╭─ Supplied data
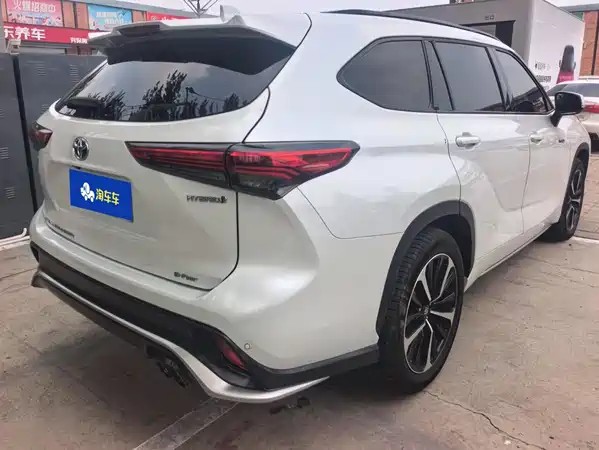 Toyota Crown Kluger 2022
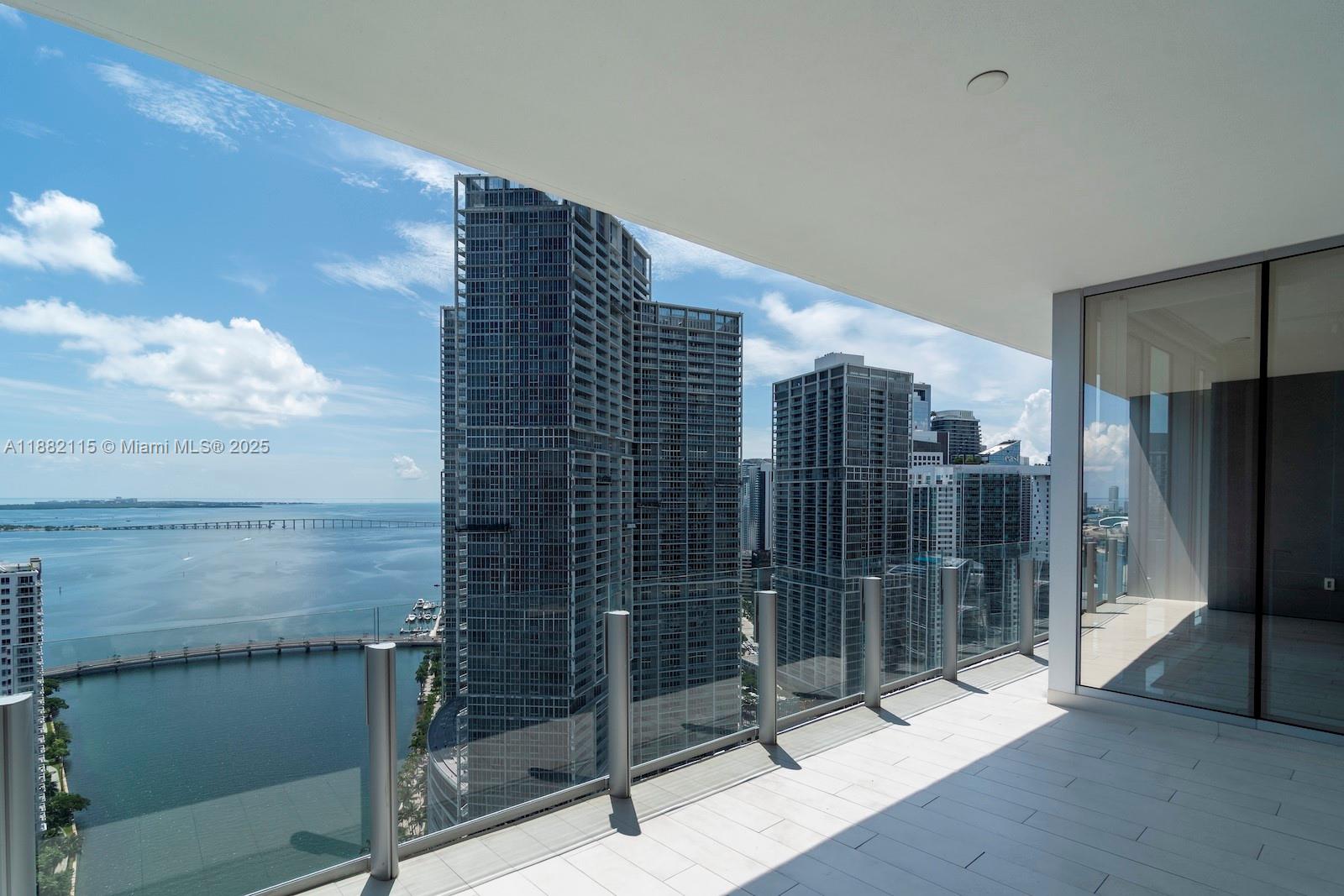 300 Biscayne Blvd Way #3503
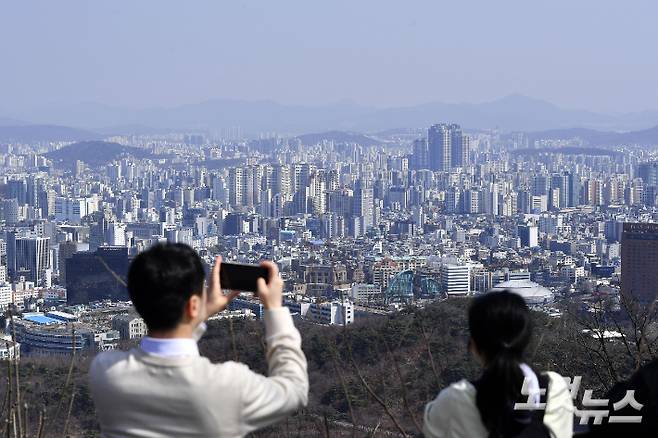 황사가 물러간 후 맑고 포근한 봄 날씨를 보이는 14일 서울 남산에서 바라본 서울 하늘이 푸르게 보이고 있다. 류영주 기자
╰─
Your goal
Copy the material shown above in full and exactly. Skip the pictures.

Solution
 Toyota Crown Kluger 2022
 300 Biscayne Blvd Way #3503
 황사가 물러간 후 맑고 포근한 봄 날씨를 보이는 14일 서울 남산에서 바라본 서울 하늘이 푸르게 보이고 있다. 류영주 기자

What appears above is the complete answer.